— Я умру раньше. Я хочу, чтобы ты жила. Пожалуйста, живи долго… Ты не волнуйся, Зорге сильный. Он никогда не скажет ничего о тебе. А ты живи, выходи замуж… — И тут же сам себя одернул: — Прости меня, пожалуйста. Мне просто очень одиноко и грустно… — и вдруг обнял ее: Давай умрем вместе…
Провал
И снова слово Борису Гудзю:
«В отношении Зорге была допущена очень крупная ошибка… Зорге держал связь с реэмигрантом, коммунистом Иотоку Мияги. Но как же можно работать с коммунистами? Они ведь везде были под наблюдением… Художник Мияги выехал из Японии в США, где разведка ИНО его завербовала. Потом передала разведке военной, и он там на них работал… Но начальнику разведки Берзину пришла мысль использовать Мияги в Японии. Он берет художника-коммуниста из нормального японского окружения в Штатах и посылает на связь в Японию. Вышло, что в Токио Зорге работал с коммунистом. Напомню, дело Рамзая было открыто в Японии не военной контрразведкой, а их политической охранкой… Такие люди — всегда под наблюдением охранки…»
Можно сколько угодно спорить — и спорят — со старым чекистом. Но факт есть факт: именно коммунистическое прошлое Мияги послужило причиной раскрытия сети.
Многие исследователи просто-напросто отказываются верить в то, что все произошло так, как произошло. Слишком много было вещей, которые неотвратимо вели группу к провалу.
М. И. Сироткин отмечал в своей записке:
«Установившееся в течение последних четырех лет предвзятое отношение к “Рамзаю” как к “двойнику” неизбежно привело к резкому понижению качества руководства резидентурой со стороны Центра. Раз резидент — “двойник”, то резидентура работает под контролем противника и рано или поздно бесспорно обречена на провал. Пока она существует, надо ее использовать по мере возможности, но нет смысла тратить усилия на ее укрепление или развитие…»
И на самом деле возникает такое ощущение, что Центр не рассчитывал использовать группу Рамзая долго и потому стремился выжать из разведчиков все, что возможно. Начиная с 1938–39 годов Рихард постоянно просился в Союз, хотя бы на время, на отдых — и неизменно получал отказ.

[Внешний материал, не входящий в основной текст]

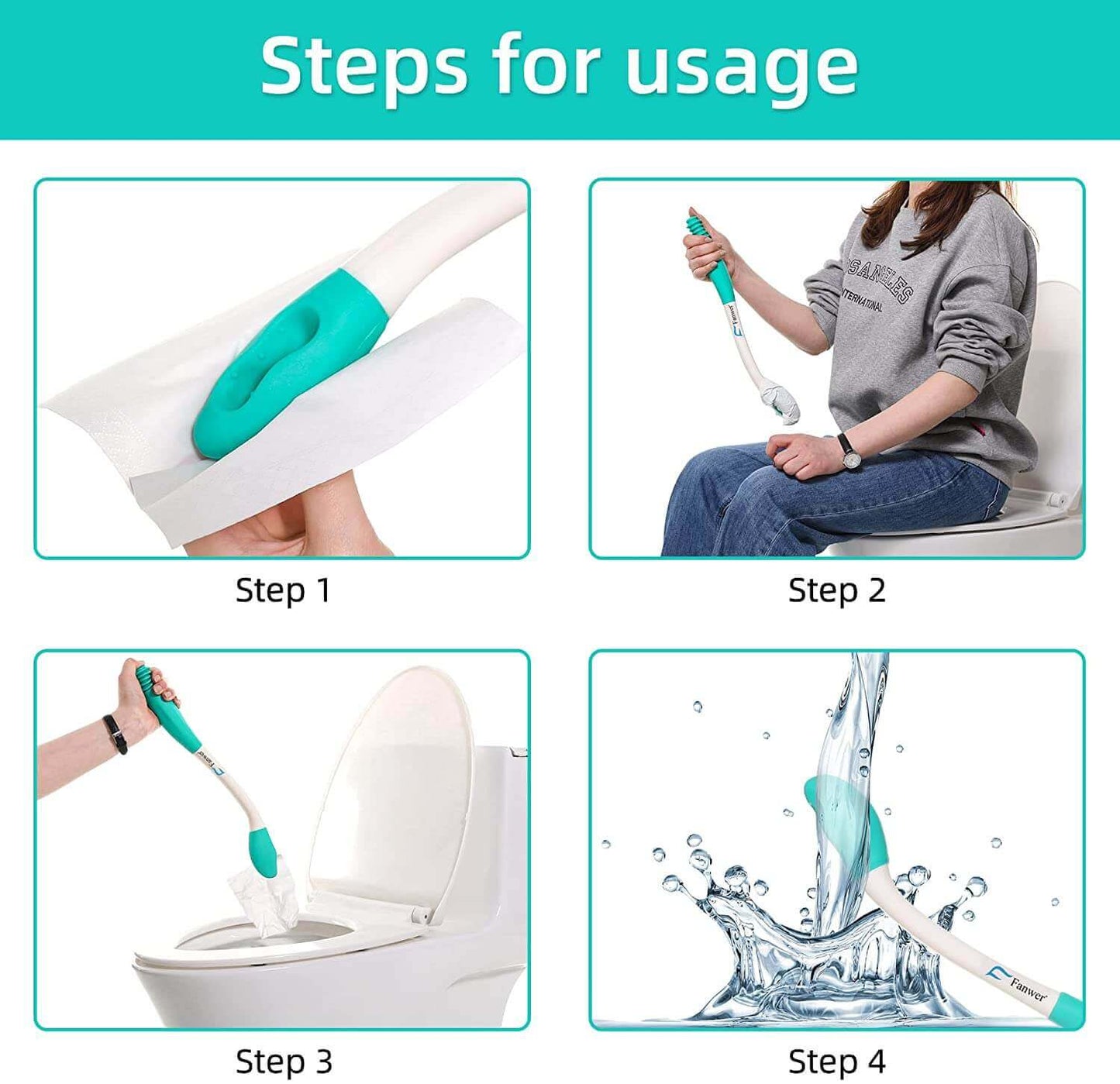 Fanwer toileting sand for wiping,toilet tissue paper wand for hygiene, steps of usage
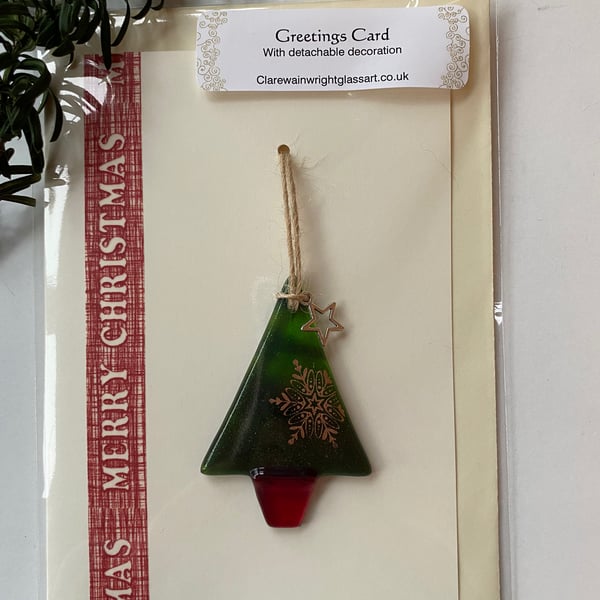 Greetings card with fused glass detachable decoration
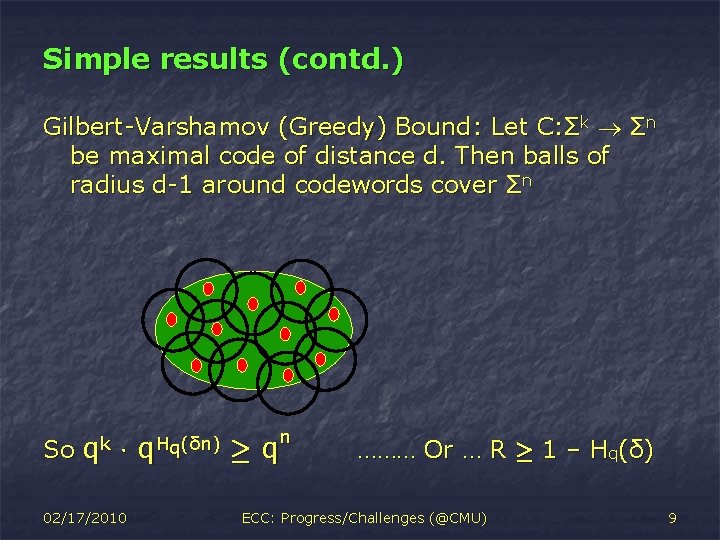 Simple results (contd. ) Gilbert-Varshamov (Greedy) Bound: Let C: Σk Σn be maximal code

«У меня такое впечатление, — пишет он в июне 1939 года, стараясь использовать в своих целях возникшие в последнее время трудности работы в германском посольстве, — что лучший период моей работы здесь на месте уже прошел совсем или, по крайней мере, на долгое время… Вернейшим я считаю новые начинания с новыми силами. Мы же постепенно становимся использованными и ненужными…
Фрицу[31]
в его работе пока везет… Однако и здесь я могу повторить мою старую просьбу еще раз: посылайте новых людей, по меньшей мере в качестве помощников, которые смогут служить заменой. Это ж не дело, что всю работу практически ведут я и Фриц. Мы должны были много лет тому назад получить помощь…»Центр ничего не сделал, резидентура осталась в том же составе.